Because you may have seen this book everywhere lately, you might be wondering about it and I felt a responsibility to address it.

It amazes me that booksellers are shamelessly promoting ‘Fifty Shades of Grey’ as a powerful bestseller. Normally it would be lurking on a back shelf somewhere with a warning attached. The cynic in me suggests that publishers saw $$$ signs in their eyes with this one and went for it, publishing immediately in paperback with a classy looking cover, and launching a bold marketing campaign.

Now don’t get me wrong, I am not a prude. I am not against a trashy beach novel with a few steamy scenes now and then, but this one goes too far and has no literary merit whatsoever.  The writing is poor, with a thin plot line and undeveloped characters providing only a stage for the erotica. I couldn’t finish it.

Sex is not a spectator sport and a book like this undermines the beauty of sex in committed relationship. So should there be any sex in novels at all?
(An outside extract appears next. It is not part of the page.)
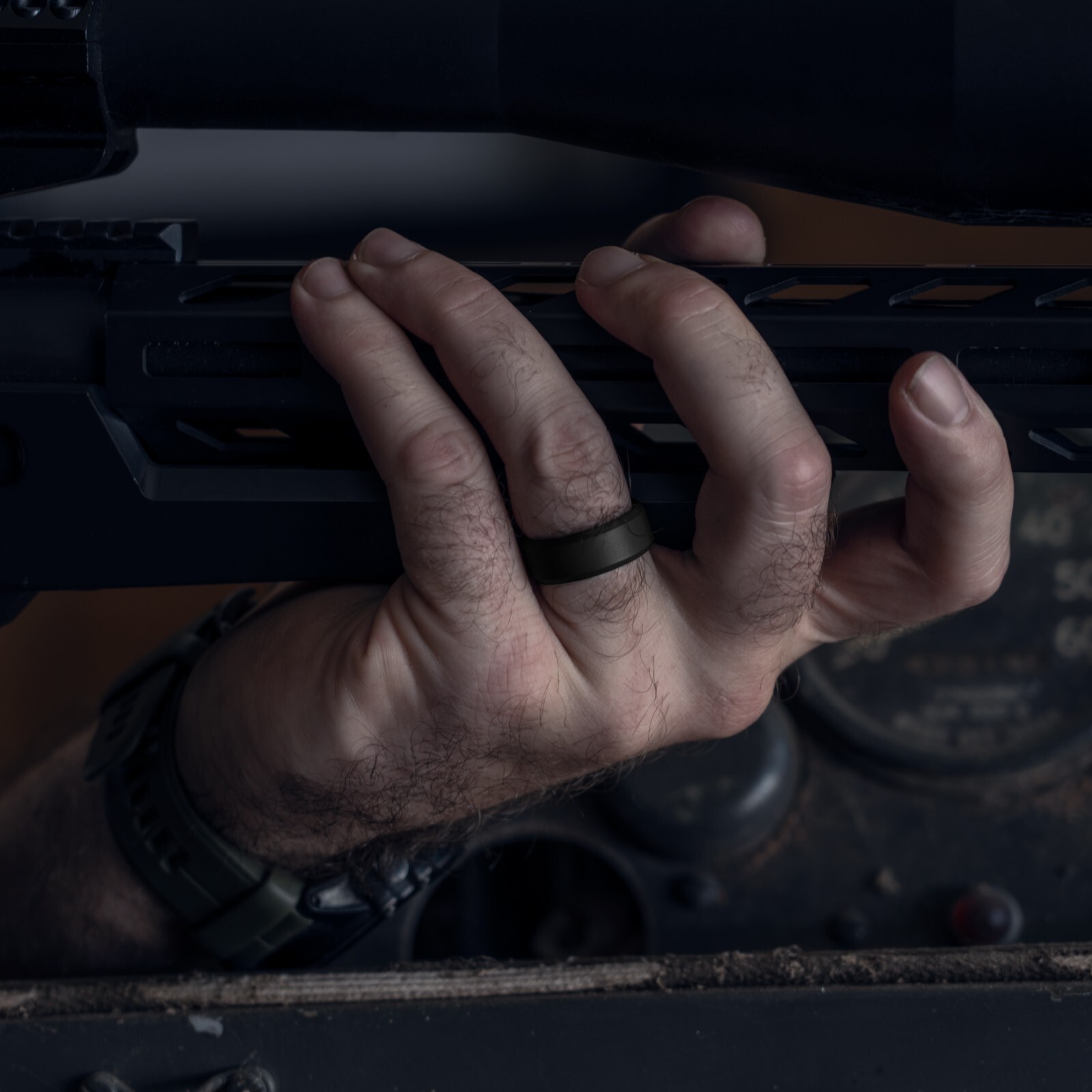Tactical Silicone Ring | Gun Barrel Grooves + Free Travel Case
Sex and violence are part of human story and therefore do belong, unless they are gratuitous. Some authors hint at sex and others are far more explicit, making it a matter of style for the author and matter of taste for the reader. If sex is handled well by an author it can naturally flow from the narrative and add to the story. Author skills vary in this area but we do recognize those who capture a moment well and those who do not. The purpose of the author in any case, is to produce good literature and depict human story. The purpose of ‘Fifty Shades of Grey’ however, is to titillate and stimulate, not to educate, appreciate or acculturate.
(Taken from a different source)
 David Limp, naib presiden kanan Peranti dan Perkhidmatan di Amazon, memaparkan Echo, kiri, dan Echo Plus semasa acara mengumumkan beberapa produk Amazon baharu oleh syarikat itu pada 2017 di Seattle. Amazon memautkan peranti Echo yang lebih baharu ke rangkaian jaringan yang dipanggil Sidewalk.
6 responses to “‘Fifty Shades of Grey’ by E.L. James

  1. Excellent analysis… but, now I do want to pick up this book! Can’t win, I guess.

    • Incidentally, Kindle has beaten book sales two to one with this one, because it offers discreet reading – no raised eyebrows from a librarian or bookseller. The publisher tried to achieve that with a nondescript cover (ie. no one in a passionate embrace) but that backfired because the book and series have sold more than a million and now everyone recognises it!
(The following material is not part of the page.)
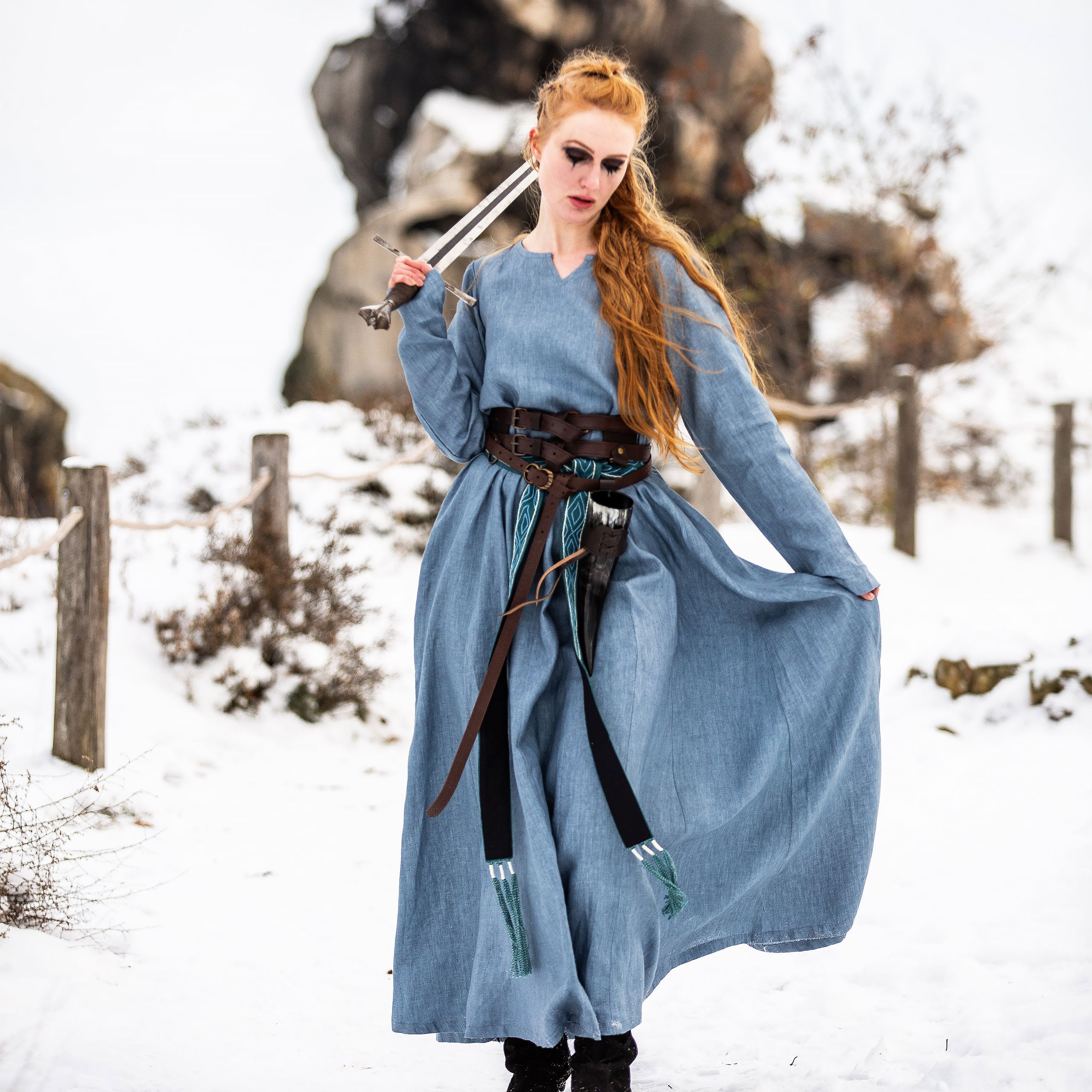 Imagen del producto Vestido medieval de lino azul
  2. I have been curious why this book received so much attention… maybe it’s because it makes the erotic available under the guise of literature. When I heard the author interviewed it squashed any interest, especially when she cited the Twilight series as an inspiration. If you need to escape with an intense romantic story, read Jane Eyre. Read it again if you have already done so… much better in every way no matter how many times you read it. Thanks Joanne for this review!

  3. Oh, and I did not read these books… I don’t have the time or inclination.

  4. I too am amazed at how this series has skyrocketted into prominence! It’s Harry Potter for adults – people lined up at the book stores! All my colleagues are reading the series…huge watercooler discussions happening. Think I’ll give the books a pass – too squeamish for torture!

  5. Delighted to see your review saying it is shocking how this book has been promoted and its horrendous success. To me it seems like a warped form of Mills and Boon for the 21st Century. Certainly the writing has no merit yet it attracts an audience because of its content.I read the first of the Twilight series and I thought it was very well written and I enjoyed it, the sequels were less successful however to my mind. I do not understand the connection that James makes with the Twilight books and I gather Stephanie Meyer politely responded in a way which made clear she also did not understand the connection. Anyone can claim that something inspired them but that doesnt mean that the source of inspration has anything to do with the “inspired” result.